Des défenseurs des droits humains, des militants politiques, des responsables religieux et des représentants syndicaux qui faisaient campagne en faveur des droits humains, du respect de l’état de droit ou de la mise en œuvre de réformes politiques ont été menacés de violences ou d’arrestation par la police, ou soumis à d’autres formes de pression.

MORTS EN DÉTENTION
De nouveaux cas de mort en détention survenus dans des circonstances suspectes ont été signalés cette année. Le 12 juin, un ressortissant du Mozambique, Luciano Reginaldo Zavale, est mort en garde à vue après avoir été arrêté en possession d’un ordinateur portable volé. Un rapport médicolégal indépendant a conclu qu’il n’était pas mort de causes naturelles. Une enquête sur son décès a commencé en septembre.

TORTURE ET AUTRES MAUVAIS TRAITEMENTS
La torture en garde à vue restait une pratique courante. Détenu à la prison de Big Bend, l’avocat Thulani Maseko a été placé à l’isolement pendant trois semaines en mars pour une infraction présumée au règlement de la prison. Il n’a pas eu accès à son avocat au cours de la procédure disciplinaire, et la durée de son isolement peut être assimilée à une forme de torture ou de mauvais traitement1.
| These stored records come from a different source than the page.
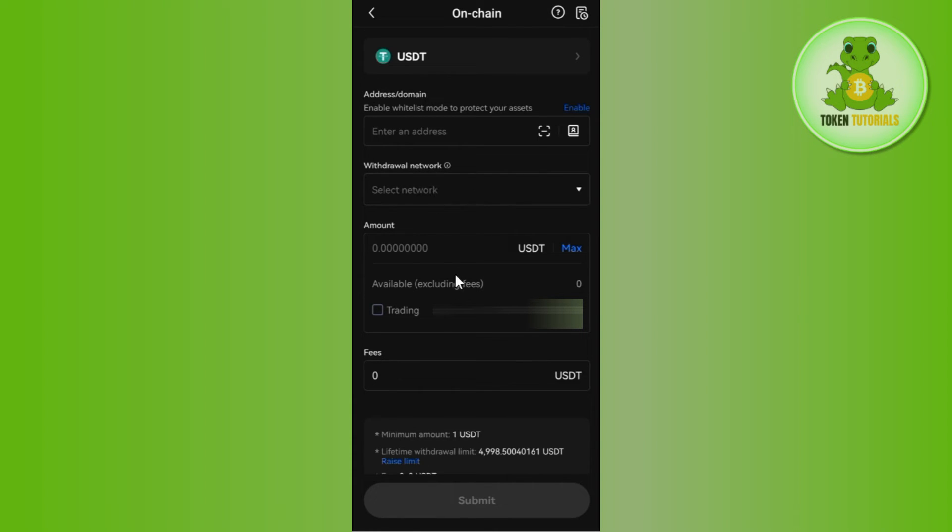After that, you need to enter the amount of USDT that you want to withdraw. Then you just have to tap on the Submit button in the bottom, and this way you will be able to easily send from OKX to MetaMask.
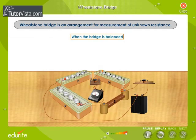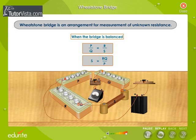Now the bridge is said to be balanced, and the balanced condition is given by P by Q is equal to R by S. Knowing the values of three resistors P, Q and R, the unknown resistance S can be found out.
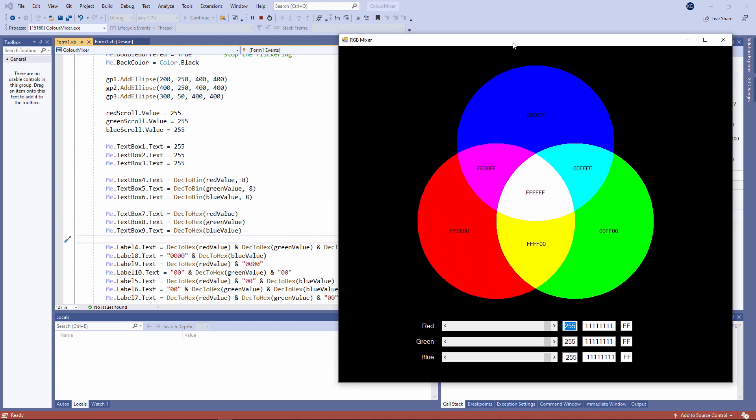In this video, I'm going to show you how to finish off the Color Mixer application. If you've come this far, you'll find it relatively easy.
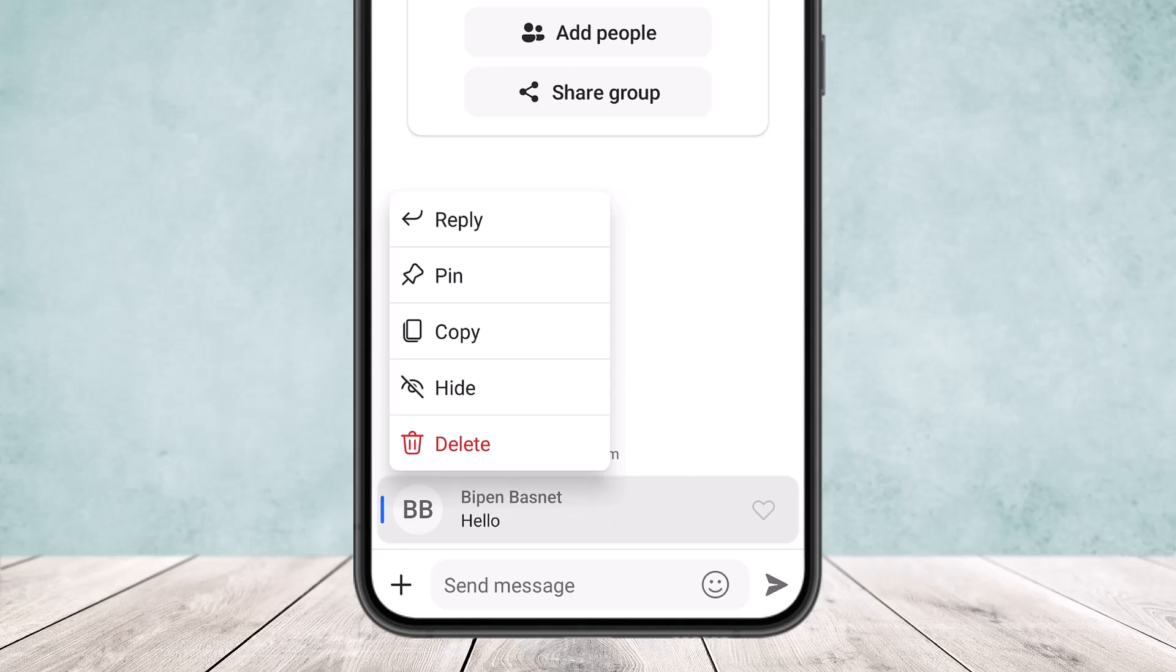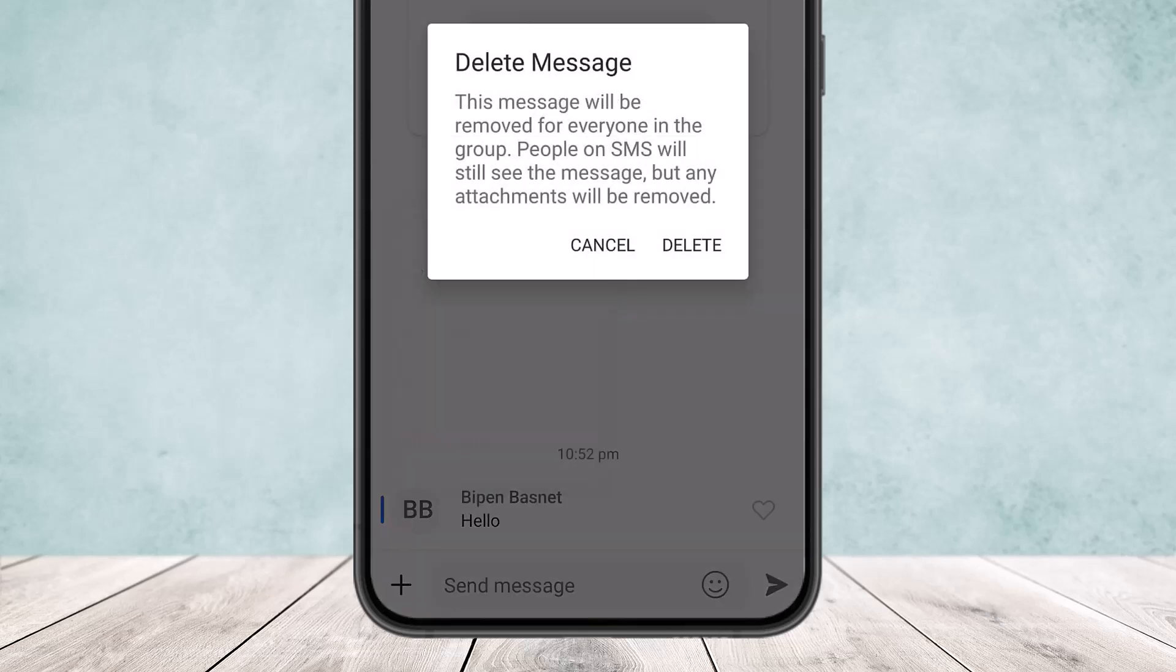You can see reply, pin, copy, hide, and delete. Simply tap on the delete option and once you tap on it you can see you'll get a pop out saying that this message will be removed for everyone in the group.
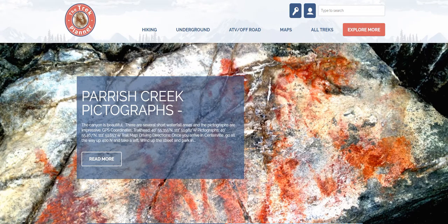Hello everybody, this is Jeff with the Trek Planner. I wanted to show you the account page and also the Trek Challenges. So first the account page. You need to come to thetrekplanner.com and up at the top you'll see a little person right here.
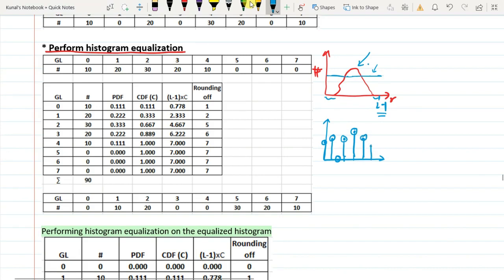In digital images the histogram will tend to be at a flat line, but it will never be perfectly flat. It will tend toward a flat line but will never actually be a flat line in digital images.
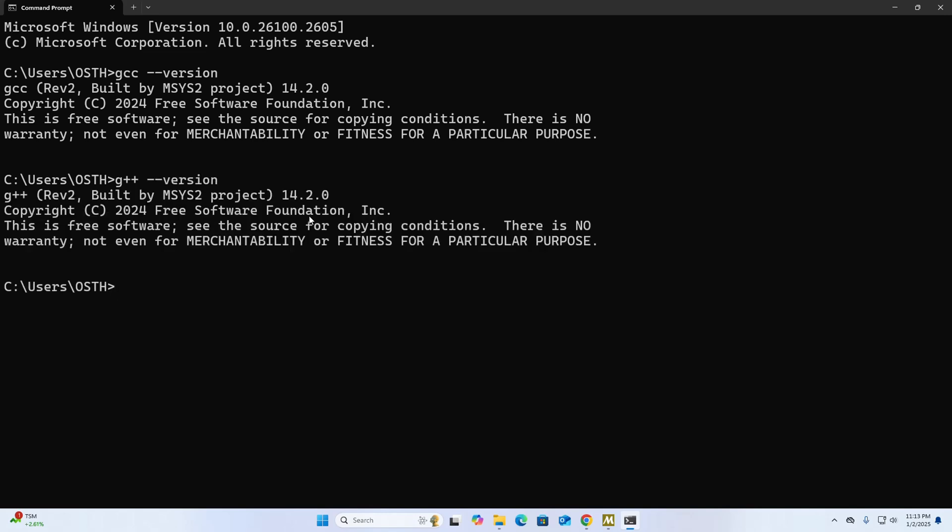That's it! C compiler and GNU C++ compiler installed successfully on Windows 11. In the next video, I will show how to compile a C or C++ program from command prompt. So if you like this video, like, comment and share. Thank you so much for watching this video.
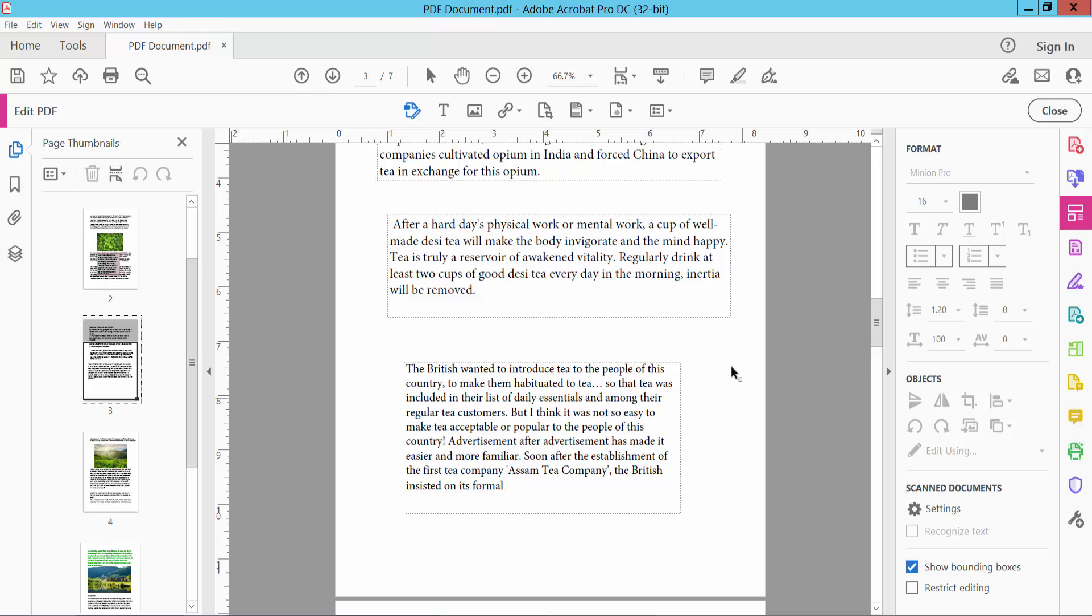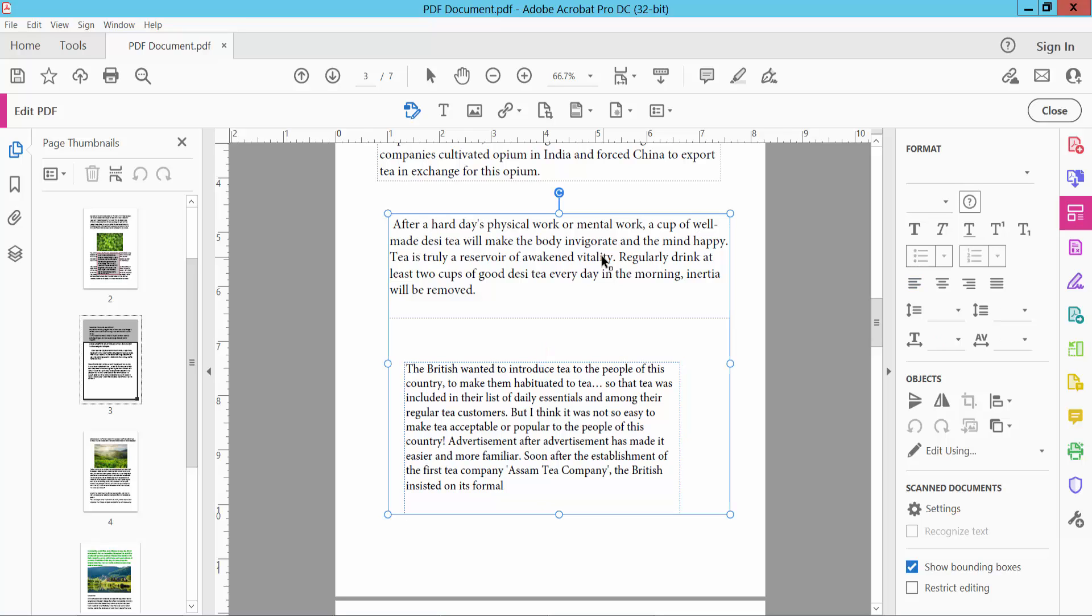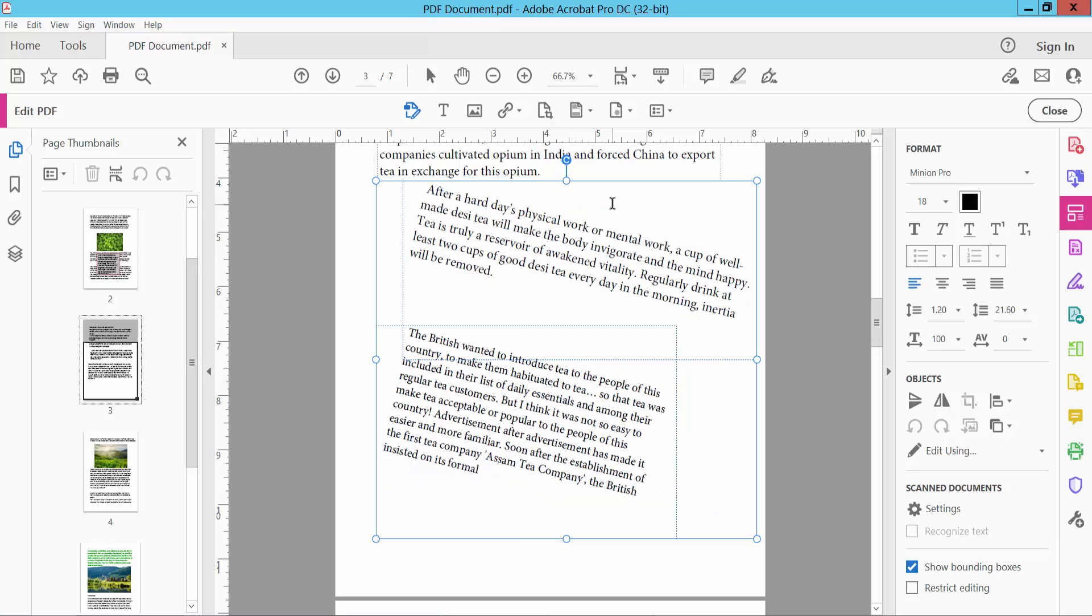And see this. Also, you can rotate multiple text boxes. Select this one and select another. You can rotate these two text boxes the same way. See this.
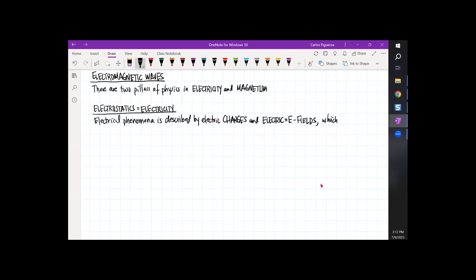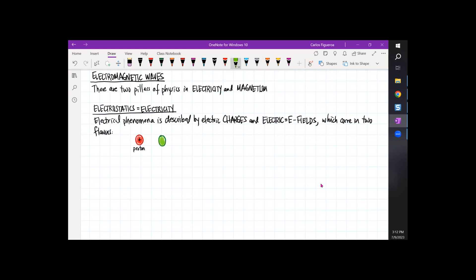Electric charges come in two flavors. One of them is a positive charge, which is really a proton. The other is a negative charge — this is what we call an electron charge. These two kinds of electric charge interact with electric forces, and because there are two kinds of charge, you're going to see two different types of forces.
Pendant sa détention provisoire, soit 14 mois passés au centre de détention provisoire de Zakhele et à la prison centrale de Matsapha, le président du PUDEMO, Mario Masuku, s’est vu refuser l’accès à des soins médicaux adaptés, prodigués par des praticiens indépendants, pour des complications liées à son diabète.

DROITS DES FEMMES

Malgré l’ampleur des violences liées au genre, le projet de loi relatif aux crimes sexuels et aux violences domestiques n’avait pas été adopté à la fin de l’année. Le texte était examiné au Parlement depuis 2006. Les dispositions progressistes du projet initial ont été diluées et le texte présente désormais une définition étroite du viol qui exclut le viol conjugal, entre autres points préoccupants.

PEINE DE MORT
Une personne était encore sous le coup d’une sentence capitale à la fin de l’année. Aucune condamnation à mort n’a été prononcée en 2015. Deux peines de mort ontété commuées en peines de réclusion à perpétuité par le roi.

1. Swaziland. Amnesty International condemns repression of fundamental freedoms (AFR 55/1345/2015).